O tempo histórico parou para eles no fim da Segunda Guerra Mundial. O derrube de governos democraticamente eleitos, pelos EUA durante a Guerra Fria na Indonésia, Guatemala, Congo, Irão e Chile (onde a CIA supervisionou o assassinato do comandante-chefe do exército, general René Schneider, e do presidente Salvador Allende); a Baía dos Porcos; as atrocidades e crimes de guerra que definiram as guerras no Vietname, Camboja e Laos; até os desastres que produziram no Médio Oriente desapareceram no buraco negro da amnésia histórica coletiva.

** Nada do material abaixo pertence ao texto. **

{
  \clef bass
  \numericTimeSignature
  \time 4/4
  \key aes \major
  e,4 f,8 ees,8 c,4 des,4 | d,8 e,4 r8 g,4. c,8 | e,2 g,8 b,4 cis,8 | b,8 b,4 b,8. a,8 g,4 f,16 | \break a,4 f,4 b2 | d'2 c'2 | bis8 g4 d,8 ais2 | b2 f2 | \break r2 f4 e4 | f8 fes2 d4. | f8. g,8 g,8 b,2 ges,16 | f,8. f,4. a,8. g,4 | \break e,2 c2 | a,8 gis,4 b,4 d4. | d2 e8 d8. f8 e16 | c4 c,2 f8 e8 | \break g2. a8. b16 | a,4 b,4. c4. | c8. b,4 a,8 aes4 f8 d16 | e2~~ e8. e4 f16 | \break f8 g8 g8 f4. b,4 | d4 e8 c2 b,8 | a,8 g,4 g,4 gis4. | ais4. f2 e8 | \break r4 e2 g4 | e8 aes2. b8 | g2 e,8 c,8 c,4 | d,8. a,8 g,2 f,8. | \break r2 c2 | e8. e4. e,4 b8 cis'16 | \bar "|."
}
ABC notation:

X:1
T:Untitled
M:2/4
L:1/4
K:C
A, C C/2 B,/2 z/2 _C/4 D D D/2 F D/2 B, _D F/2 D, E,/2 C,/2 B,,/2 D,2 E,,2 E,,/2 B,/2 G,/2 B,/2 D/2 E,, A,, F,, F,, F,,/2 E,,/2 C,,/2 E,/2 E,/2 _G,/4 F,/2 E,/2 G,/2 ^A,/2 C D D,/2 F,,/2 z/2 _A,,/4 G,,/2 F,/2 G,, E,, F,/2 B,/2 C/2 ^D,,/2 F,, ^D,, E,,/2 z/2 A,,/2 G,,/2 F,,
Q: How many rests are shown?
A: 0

Julian Benda chamou esses cortesãos do poder “os bárbaros da intelligentsia”.

A dominação global americana, afirmam, é benigna, uma força para o bem, “hegemonia benevolente”. O mundo, insistiu Charles Krauthammer, dá as boas-vindas ao “nosso poder”. Todos os inimigos, de Saddam Hussein a Vladimir Putin, são o novo Hitler. Todas as intervenções dos EUA são uma luta pela liberdade que torna o mundo um lugar mais seguro. Todas as recusas de bombardear e ocupar outro país são um momento de Munique de 1938, um recuo patético de enfrentar o mal conforme novos Neville Chamberlain. Temos inimigos no exterior. Mas o nosso inimigo mais perigoso está no interior.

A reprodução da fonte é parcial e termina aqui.